Coffin Photo Controversy

by William Bunch
Posted on Fri, Apr. 23, 2004
bunchw@phillynews.com



THEY ARE the pictures the Pentagon didn't want you to see.

For the past few days, a photo of the flag-draped coffins of U.S. soldiers killed in Iraq has bounded around the Internet and sparked a national debate on whether the American public should see them.

And the brouhaha cost two contractors working in the Middle East their jobs.

To further muddle the debate, some 361 pictures showing coffins at Delaware's Dover Air Force Base were released yesterday under a Freedom of Information request - initially denied by the Air Force but granted on appeal.

Those photos were initially posted on thememoryhole.org and featured elsewhere on the Internet.

The Pentagon's tight lid on coffin photos - as well as any personal information or photos of Iraq casualties - has stirred a controversy that has grown with the body count.

Last Sunday, the first photo of an airplane filled with flag-covered caskets of 20 of the the war dead was printed in the Seattle Times. It was taken - without permission - by Tami Silicio, a 50-year-old Washington state woman who worked for a contractor at the Kuwait airport.

Silicio allowed the newspaper to print the picture, not so much to make a political statement, she said, but to show the respectful manner in which the war dead are treated.

Nevertheless, Silicio was fired yesterday by Maytag Aircraft, the contractor she worked for. So was her husband, who also worked for the company in Kuwait. Company officials said they were "good workers" but that U.S. military officials had raised "very specific concerns" about what had happened.
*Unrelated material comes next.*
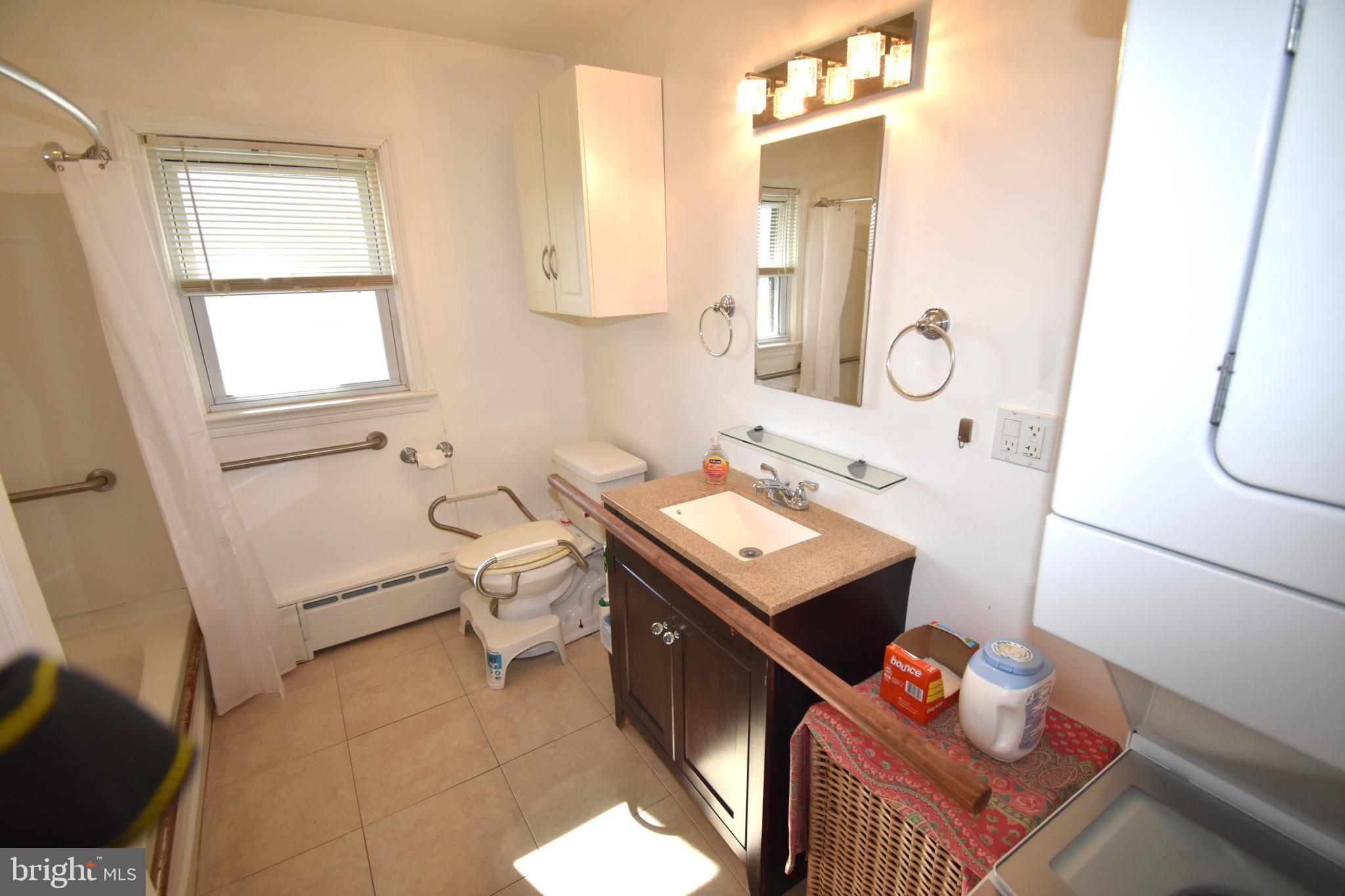 165 West Federal Street Burlington, NJ 08016 - Photo 23 of 27 a bathroom with a sink mirror vanity and toilet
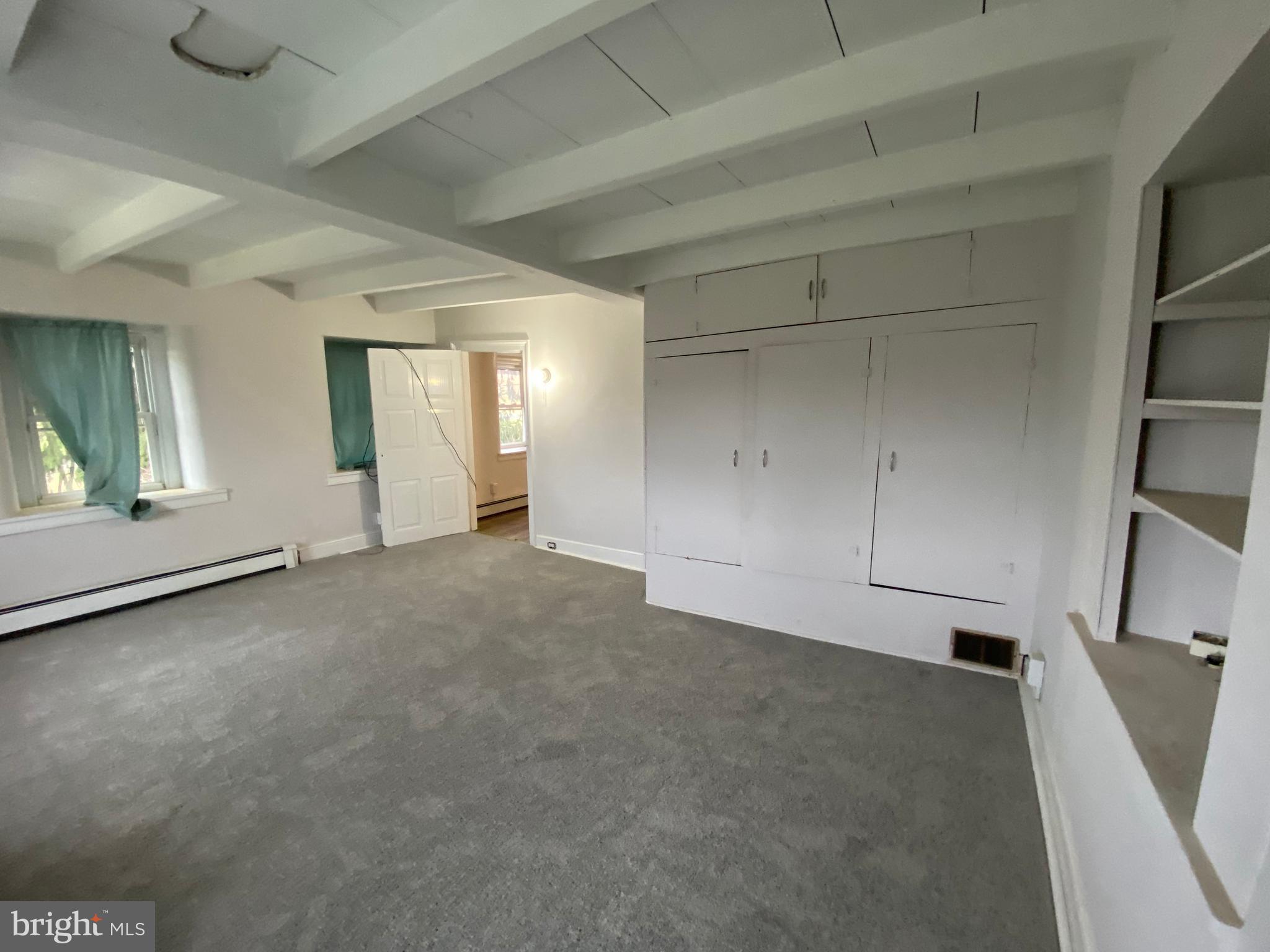 2063 Hill Road, Unit B Perkiomenville, PA 18074 - Photo 20 of 27 a view of an empty room with a window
Just as the war was starting in March 2003, the Pentagon announced that "there will be no arrival ceremonies for, or media coverage of, deceased military personnel returning to or departing from Ramstein [Germany] air base or Dover base, to include interim stops." However, there's some confusion over what the earlier policies were. Officials at Dover said media photos have for the most part been barred there since 1991.

The Pentagon cited privacy concerns, but some political observers say the Bush administration also fears public support for the war might erode with too much coverage of casualties.

"Americans have always felt that war was unreal," said Susan Moeller, University of Maryland journalism assistant professor, who has written about war and photojournalism.

However, U.S. policy has been inconsistent. Pictures of American war dead were censored in World War II until 1943, when President Franklin Roosevelt found that reversing the policy actually built public support for the war. But in Vietnam, yearbook-style photos of American soldiers who died seemed to have the opposite effect.